REQUIRED ACTION:
Leaving the pictures aside, reproduce the data in full and word for word.
RECORDS FOR THE EXERCISE START
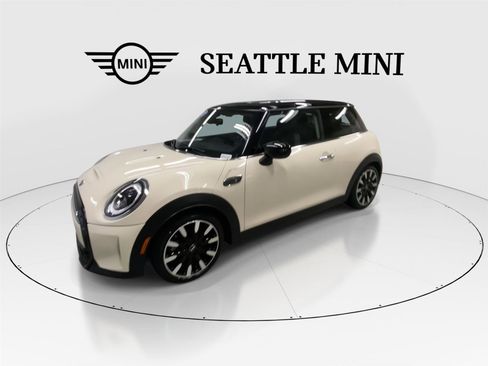 Certified 2023 MINI Cooper S w/ Premium Package image 5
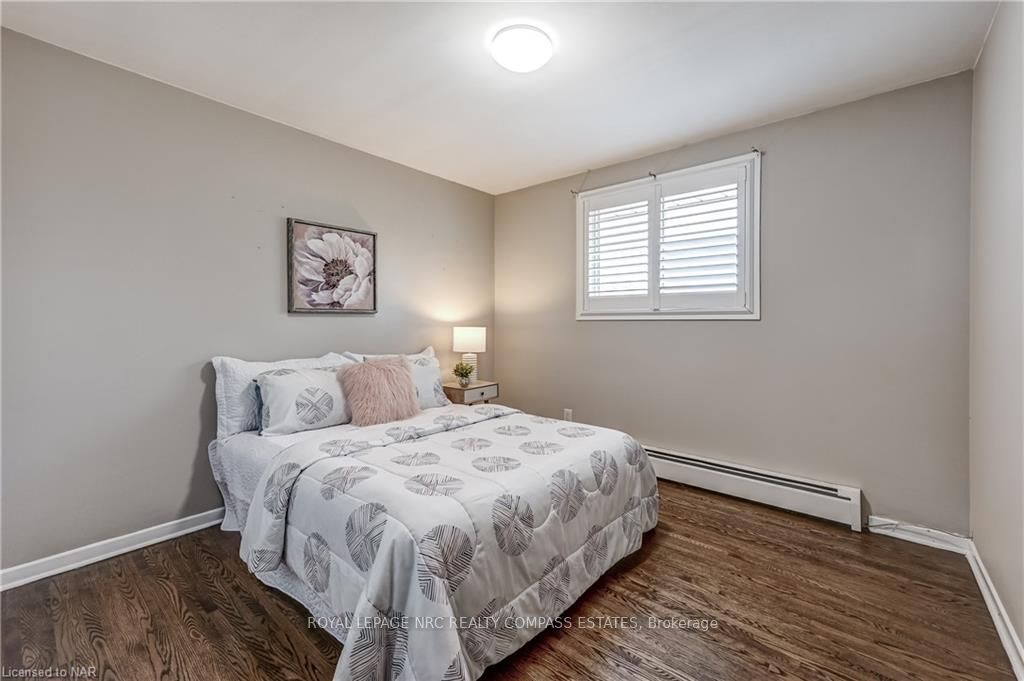 Photo 19 of 46 Bendingroad Crescent, St. Catharines, Lakeport — HOMEH
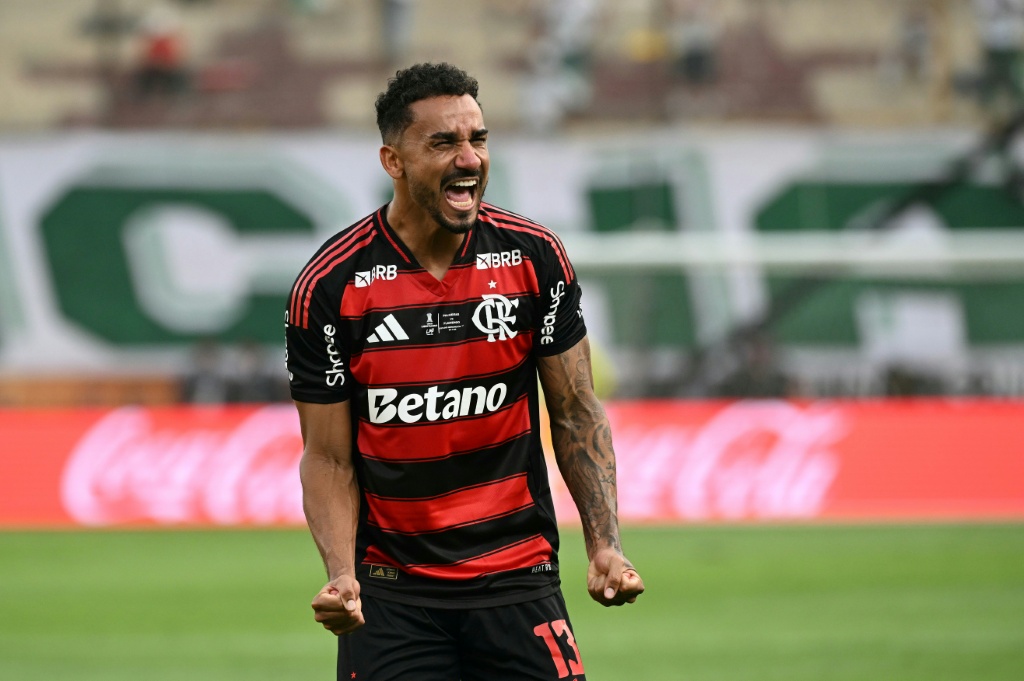 Após cabeçada na final da Libertadores, Danilo entra na história do Flamengo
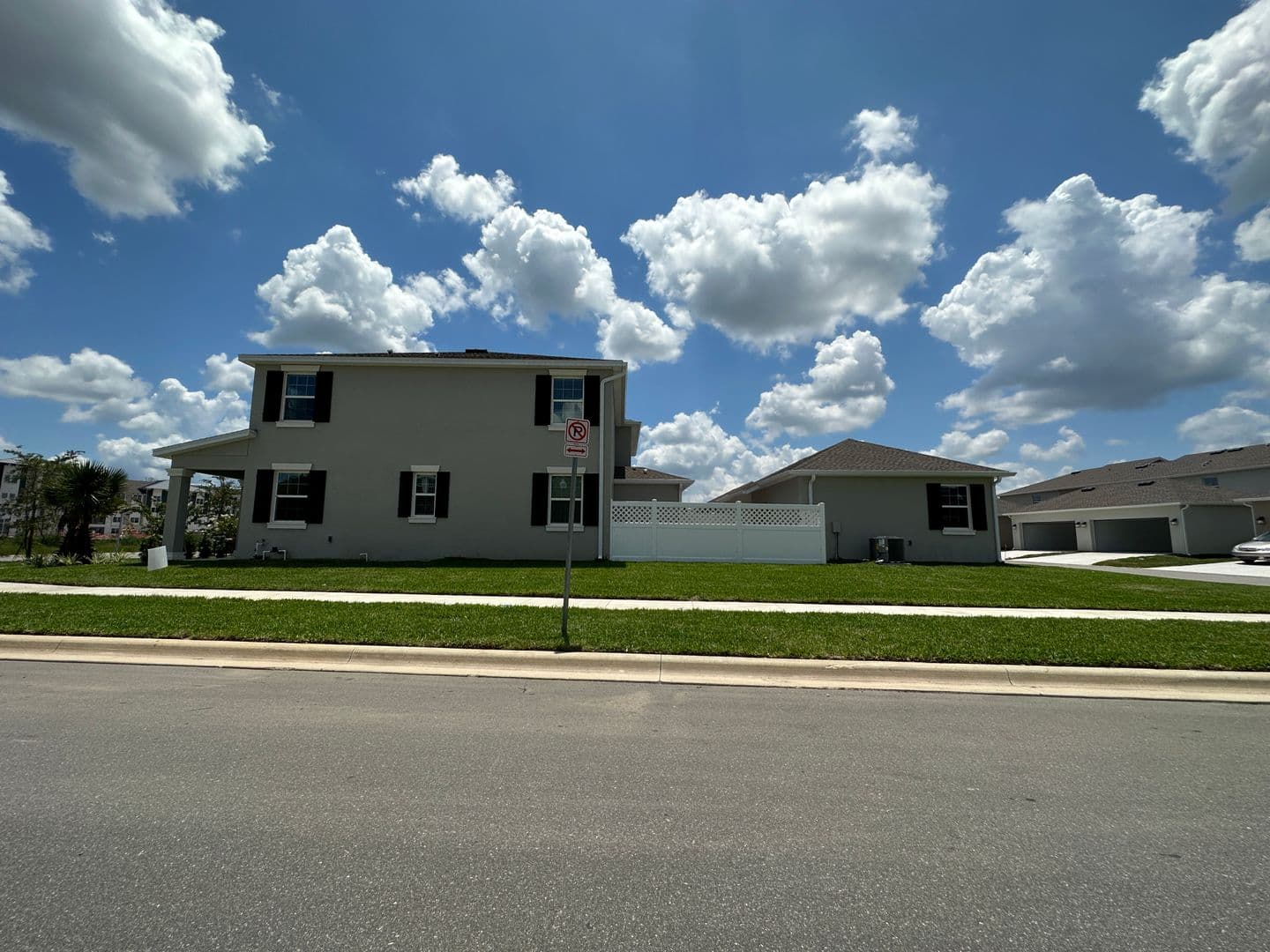 Winter Garden House: 10500 Tribute Drive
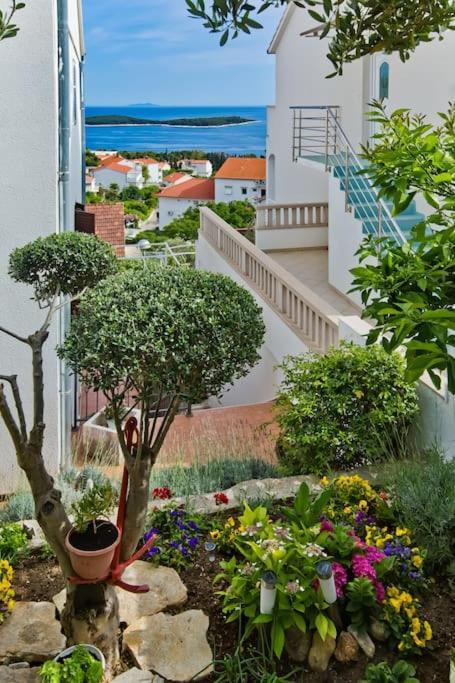 Apartman Tino With Two Sunny Terace Hvar Town Luaran gambar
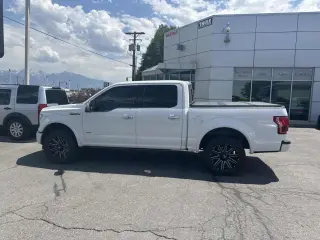 2017 Ford F-150 Platinum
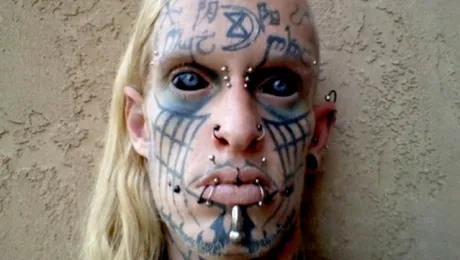 Bărbatul care își spune „Satana”, după ce s-a automutilat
RECORDS FOR THE EXERCISE END
RESULT:
 Certified 2023 MINI Cooper S w/ Premium Package image 5
 Photo 19 of 46 Bendingroad Crescent, St. Catharines, Lakeport — HOMEH
 Após cabeçada na final da Libertadores, Danilo entra na história do Flamengo
 Winter Garden House: 10500 Tribute Drive
 Apartman Tino With Two Sunny Terace Hvar Town Luaran gambar
 2017 Ford F-150 Platinum
 Bărbatul care își spune „Satana”, după ce s-a automutilat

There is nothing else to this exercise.